Shinto shrine in Fukuoka Prefecture, Japan

Sumiyoshi Shrine (住吉神社) is a Shinto shrine in the Sumiyoshi neighborhood of Hakata-ku, Fukuoka in Fukuoka Prefecture, Japan. It is the ichinomiya of former Chikuzen Province. The main festival of the shrine is held annually on October 13. Along with the more famous Sumiyoshi-taisha in Osaka and the Sumiyoshi Jinja in Shimonoseki, Yamaguchi, it is one of the "Three Great Sumiyoshi" shrines.

==Enshrined kami==
The kami enshrined at Sumiyoshi Jinja are:

- Sumiyoshi sanjin (住吉三神)
- Empress Jingū (神功皇后)
- Amaterasu (天照皇大神)

==Origins==
Per the shrine's legend (Chikuzen Sumiyoshi Daimyojin Goengi), the shrine is the birthplace of the Sumiyoshi cult and the origin for all Sumiyoshi shrines in the country. Unlike Hakata, which is located on sand dunes, the area surrounding the shrine grounds is located on the alluvial land of the Naka River, and topographically located on the cape of Reizeitsu, which juts out into the mouths of the Hie River and the Naka River. This was thought to be a suitable location for a place of worship for the guardian deity of navigation. Bronze spear and a bronze sword from the Yayoi Period have been excavated from the shrine grounds, and it is theorized that this area was originally a sacred place for Nakoku or the Amabe maritime tribe.

==History==
The foundation of the Sumitomo Shrine in Hakozaki is unknown. It first appears in historical documentation in an entry in the Shoku Nihongi dated April 737, when it is recorded that offerings were made to "Chikushi Sumiyoshi" and to Ise Grand Shrine in response to disrespectful actions by the kingdom of Silla in the Korean Peninsula. Per a survey dated 806, 36 shrines were dedicated to Sumiyoshi in Chikuzen Province, and in 847 the monk Ennin and in 852 the monk Enchin recited Buddhist sutras at the shrine on their return from Tang China. In 878, it was placed under the direct protection of the Imperial Court after an oracle at [[
Kashii-gū]] warned of a possible attack by Silla. In the Engishiki, the shrine is listed as a Myojin Taisha and in 1019, the shrine was entrusted to Emperor Go-Ichijō as a "once-in-a-generation" offering. It has been regarded as the ichinomiya of Chikuzen Province since the late Heian period. Takezaki Suenaga's Mōko Shūrai Ekotoba depicts the vermilion torii gate of Sumiyoshi Shrine.
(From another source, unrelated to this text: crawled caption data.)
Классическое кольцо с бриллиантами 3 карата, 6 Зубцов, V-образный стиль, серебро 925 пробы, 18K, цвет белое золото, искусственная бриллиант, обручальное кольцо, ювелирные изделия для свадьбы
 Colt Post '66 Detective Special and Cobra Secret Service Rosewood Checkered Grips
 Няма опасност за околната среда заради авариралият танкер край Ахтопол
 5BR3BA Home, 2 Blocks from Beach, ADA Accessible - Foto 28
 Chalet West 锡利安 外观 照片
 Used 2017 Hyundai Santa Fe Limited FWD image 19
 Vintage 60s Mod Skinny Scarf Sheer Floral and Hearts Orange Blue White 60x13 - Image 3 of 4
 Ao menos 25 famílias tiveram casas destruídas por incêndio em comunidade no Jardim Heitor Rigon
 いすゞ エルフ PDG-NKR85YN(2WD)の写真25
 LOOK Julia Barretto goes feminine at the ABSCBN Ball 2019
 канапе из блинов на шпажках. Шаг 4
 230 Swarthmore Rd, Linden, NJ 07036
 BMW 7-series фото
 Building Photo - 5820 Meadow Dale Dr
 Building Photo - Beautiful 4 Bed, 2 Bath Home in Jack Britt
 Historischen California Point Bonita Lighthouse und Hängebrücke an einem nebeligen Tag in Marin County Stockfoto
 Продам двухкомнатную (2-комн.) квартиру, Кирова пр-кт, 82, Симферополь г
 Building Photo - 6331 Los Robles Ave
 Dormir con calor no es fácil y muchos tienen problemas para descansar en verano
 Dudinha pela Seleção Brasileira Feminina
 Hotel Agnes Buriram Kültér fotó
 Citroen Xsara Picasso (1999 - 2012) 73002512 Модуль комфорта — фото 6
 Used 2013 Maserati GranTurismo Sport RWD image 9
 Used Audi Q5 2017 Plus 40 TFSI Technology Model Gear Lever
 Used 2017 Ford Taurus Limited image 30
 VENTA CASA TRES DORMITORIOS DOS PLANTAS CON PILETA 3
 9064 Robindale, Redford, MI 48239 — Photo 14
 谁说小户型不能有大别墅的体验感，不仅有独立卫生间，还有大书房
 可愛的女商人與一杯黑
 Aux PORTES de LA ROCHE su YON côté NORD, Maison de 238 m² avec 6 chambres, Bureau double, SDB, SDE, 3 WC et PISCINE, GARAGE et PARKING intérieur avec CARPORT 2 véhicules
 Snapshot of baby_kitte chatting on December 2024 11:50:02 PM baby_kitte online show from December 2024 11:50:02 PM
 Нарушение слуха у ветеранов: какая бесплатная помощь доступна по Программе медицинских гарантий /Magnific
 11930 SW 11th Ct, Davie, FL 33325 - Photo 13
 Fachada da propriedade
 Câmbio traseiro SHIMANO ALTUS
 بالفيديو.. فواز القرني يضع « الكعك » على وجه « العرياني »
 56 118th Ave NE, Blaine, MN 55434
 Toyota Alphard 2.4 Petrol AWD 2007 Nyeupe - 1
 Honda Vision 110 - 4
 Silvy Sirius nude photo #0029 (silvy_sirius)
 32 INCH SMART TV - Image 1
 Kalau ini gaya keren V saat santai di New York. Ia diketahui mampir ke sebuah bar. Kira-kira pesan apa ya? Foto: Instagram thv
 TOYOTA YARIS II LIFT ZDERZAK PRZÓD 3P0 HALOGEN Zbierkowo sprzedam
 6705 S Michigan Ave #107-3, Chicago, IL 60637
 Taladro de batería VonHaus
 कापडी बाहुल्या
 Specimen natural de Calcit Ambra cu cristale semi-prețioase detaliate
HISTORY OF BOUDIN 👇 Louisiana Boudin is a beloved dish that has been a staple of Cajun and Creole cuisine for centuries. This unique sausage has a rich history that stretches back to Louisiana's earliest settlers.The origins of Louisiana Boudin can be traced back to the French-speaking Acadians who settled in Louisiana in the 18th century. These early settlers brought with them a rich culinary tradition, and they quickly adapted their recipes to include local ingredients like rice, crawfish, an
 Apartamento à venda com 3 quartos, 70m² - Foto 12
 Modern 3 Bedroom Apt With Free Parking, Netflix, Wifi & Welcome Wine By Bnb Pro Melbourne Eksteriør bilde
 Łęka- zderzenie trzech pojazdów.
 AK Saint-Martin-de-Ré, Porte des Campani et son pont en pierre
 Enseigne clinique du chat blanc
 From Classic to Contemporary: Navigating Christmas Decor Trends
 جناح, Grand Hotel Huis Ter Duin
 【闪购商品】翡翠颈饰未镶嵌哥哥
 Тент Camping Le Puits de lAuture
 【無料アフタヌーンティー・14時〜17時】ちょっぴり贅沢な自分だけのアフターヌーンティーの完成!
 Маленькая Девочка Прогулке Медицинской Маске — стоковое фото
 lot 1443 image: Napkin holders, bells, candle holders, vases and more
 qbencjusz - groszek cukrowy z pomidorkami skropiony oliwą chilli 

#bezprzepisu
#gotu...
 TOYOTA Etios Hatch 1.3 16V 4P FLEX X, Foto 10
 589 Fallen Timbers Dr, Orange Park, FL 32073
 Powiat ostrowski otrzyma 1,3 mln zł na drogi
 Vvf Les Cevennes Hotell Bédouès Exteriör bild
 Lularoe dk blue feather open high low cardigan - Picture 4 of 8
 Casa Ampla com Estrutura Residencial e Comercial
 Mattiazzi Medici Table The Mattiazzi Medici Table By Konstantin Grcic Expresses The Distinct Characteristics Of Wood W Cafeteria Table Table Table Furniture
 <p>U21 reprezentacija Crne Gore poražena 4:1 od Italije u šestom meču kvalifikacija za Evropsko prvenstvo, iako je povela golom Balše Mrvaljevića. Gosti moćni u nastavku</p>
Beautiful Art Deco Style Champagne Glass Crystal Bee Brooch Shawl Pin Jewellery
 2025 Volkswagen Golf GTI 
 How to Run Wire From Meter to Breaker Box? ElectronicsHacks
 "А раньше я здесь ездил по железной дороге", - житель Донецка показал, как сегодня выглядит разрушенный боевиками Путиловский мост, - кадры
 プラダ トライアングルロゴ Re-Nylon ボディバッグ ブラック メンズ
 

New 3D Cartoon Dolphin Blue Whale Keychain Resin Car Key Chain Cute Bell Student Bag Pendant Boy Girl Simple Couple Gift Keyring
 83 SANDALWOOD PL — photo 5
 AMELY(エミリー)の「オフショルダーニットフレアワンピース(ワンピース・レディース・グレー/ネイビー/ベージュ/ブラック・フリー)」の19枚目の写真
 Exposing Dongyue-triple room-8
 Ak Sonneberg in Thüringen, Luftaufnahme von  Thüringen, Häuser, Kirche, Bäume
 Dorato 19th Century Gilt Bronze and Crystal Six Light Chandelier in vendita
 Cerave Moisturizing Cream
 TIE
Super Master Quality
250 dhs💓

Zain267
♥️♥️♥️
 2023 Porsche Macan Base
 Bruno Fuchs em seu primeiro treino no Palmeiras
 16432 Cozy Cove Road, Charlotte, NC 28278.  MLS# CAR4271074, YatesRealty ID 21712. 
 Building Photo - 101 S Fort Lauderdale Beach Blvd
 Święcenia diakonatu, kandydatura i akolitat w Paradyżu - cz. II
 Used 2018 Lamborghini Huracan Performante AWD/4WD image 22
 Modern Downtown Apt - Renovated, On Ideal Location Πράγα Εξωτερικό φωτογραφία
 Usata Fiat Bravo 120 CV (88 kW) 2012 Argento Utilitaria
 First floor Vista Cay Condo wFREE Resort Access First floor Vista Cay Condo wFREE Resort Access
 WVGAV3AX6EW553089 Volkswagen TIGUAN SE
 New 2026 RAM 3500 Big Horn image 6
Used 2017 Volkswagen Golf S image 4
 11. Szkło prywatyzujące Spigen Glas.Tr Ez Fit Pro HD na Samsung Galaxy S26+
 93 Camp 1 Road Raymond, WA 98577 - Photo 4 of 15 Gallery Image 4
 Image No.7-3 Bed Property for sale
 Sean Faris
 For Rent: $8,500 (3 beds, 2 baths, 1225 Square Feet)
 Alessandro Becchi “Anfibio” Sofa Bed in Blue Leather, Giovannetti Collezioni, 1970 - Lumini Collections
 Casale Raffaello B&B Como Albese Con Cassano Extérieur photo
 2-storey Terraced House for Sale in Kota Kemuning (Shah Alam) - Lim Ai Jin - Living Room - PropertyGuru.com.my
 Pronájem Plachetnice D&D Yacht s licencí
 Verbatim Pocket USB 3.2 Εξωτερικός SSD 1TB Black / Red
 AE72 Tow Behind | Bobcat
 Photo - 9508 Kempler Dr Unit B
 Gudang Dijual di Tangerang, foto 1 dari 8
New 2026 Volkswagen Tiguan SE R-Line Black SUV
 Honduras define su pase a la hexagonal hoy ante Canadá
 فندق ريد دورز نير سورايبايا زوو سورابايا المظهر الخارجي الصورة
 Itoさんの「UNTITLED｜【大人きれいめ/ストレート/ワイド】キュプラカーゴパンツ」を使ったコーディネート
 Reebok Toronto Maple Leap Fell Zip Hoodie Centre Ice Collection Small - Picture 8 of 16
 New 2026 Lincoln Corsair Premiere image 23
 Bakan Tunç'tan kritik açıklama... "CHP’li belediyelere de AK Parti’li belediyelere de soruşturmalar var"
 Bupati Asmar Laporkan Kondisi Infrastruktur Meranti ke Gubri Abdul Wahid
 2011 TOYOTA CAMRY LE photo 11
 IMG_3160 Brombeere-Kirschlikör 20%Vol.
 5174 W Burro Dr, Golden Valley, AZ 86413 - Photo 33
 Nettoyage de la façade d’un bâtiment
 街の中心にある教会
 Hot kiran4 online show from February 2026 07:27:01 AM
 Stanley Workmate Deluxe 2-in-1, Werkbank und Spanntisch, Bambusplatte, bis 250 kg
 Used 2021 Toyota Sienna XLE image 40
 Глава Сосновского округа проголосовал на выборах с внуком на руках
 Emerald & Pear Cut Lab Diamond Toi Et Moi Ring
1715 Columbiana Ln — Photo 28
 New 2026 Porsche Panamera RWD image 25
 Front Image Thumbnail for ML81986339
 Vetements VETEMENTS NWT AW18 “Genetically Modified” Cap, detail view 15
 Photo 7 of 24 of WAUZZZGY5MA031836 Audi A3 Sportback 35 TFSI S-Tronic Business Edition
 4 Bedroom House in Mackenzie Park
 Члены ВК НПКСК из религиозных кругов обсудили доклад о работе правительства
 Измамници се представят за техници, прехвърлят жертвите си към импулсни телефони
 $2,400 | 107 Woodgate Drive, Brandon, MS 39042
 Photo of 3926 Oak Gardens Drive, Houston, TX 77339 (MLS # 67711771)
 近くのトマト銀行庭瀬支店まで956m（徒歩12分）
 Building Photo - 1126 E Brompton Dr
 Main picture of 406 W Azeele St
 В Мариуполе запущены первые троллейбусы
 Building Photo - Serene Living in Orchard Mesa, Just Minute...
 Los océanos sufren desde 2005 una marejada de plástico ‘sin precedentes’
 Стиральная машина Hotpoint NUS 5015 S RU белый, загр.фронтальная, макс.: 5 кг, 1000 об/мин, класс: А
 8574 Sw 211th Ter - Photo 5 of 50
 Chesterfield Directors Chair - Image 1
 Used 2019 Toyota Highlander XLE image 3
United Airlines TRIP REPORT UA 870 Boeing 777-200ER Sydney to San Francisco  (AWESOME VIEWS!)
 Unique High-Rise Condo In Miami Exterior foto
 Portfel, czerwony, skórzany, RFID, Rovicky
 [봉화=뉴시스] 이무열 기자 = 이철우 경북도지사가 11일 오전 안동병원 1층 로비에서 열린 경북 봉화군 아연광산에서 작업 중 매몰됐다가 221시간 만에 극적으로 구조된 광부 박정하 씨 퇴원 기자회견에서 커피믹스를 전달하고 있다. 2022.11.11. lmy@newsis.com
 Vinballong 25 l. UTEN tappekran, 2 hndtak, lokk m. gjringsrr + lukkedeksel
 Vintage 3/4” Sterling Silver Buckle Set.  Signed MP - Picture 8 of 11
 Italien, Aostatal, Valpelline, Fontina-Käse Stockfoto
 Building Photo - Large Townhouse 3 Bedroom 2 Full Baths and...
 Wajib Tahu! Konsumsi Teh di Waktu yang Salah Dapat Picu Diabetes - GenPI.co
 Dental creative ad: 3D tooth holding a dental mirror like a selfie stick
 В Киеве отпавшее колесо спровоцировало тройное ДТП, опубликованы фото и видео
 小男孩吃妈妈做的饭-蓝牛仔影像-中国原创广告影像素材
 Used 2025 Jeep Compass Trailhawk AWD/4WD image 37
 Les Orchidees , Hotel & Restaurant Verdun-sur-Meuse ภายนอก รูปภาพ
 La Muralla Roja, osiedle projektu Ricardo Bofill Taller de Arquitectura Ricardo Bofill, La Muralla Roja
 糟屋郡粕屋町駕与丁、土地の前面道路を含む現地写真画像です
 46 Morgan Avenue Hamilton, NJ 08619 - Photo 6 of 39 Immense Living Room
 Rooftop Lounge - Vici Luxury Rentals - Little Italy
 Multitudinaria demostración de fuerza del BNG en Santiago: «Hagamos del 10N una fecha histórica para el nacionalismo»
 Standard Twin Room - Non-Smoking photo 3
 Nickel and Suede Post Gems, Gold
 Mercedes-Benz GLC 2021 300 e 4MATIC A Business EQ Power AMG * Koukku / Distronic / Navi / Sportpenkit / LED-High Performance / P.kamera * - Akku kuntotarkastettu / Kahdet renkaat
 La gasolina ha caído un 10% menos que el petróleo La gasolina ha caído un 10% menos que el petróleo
In 1480, the renga master Sōgi visited the shrine, and wrote about the devastation of Sumiyoshi Shrine due to war in the "Tsukushi Doki". During the Sengoku period, the shrine records and old documents were taken by Ōuchi Yoshitaka to Yamaguchi and were destroyed in the Tainei-ji incident of 1551. The current shrine was restored by Kuroda Nagamasa, the first daimyō of Fukuoka Domain in 1623. Subsequent rulers of the domain continued to support the shrine to the Meiji restoration. Under the Meiji government's State Shinto's system of ranked Shinto shrines, Sumiyoshi Shrine was ranked as a Prefectural Shrine in 1872, and promoted to an Imperial shrine, 3rd rank (官幣小社, Kanpei-shōsha) in 1925.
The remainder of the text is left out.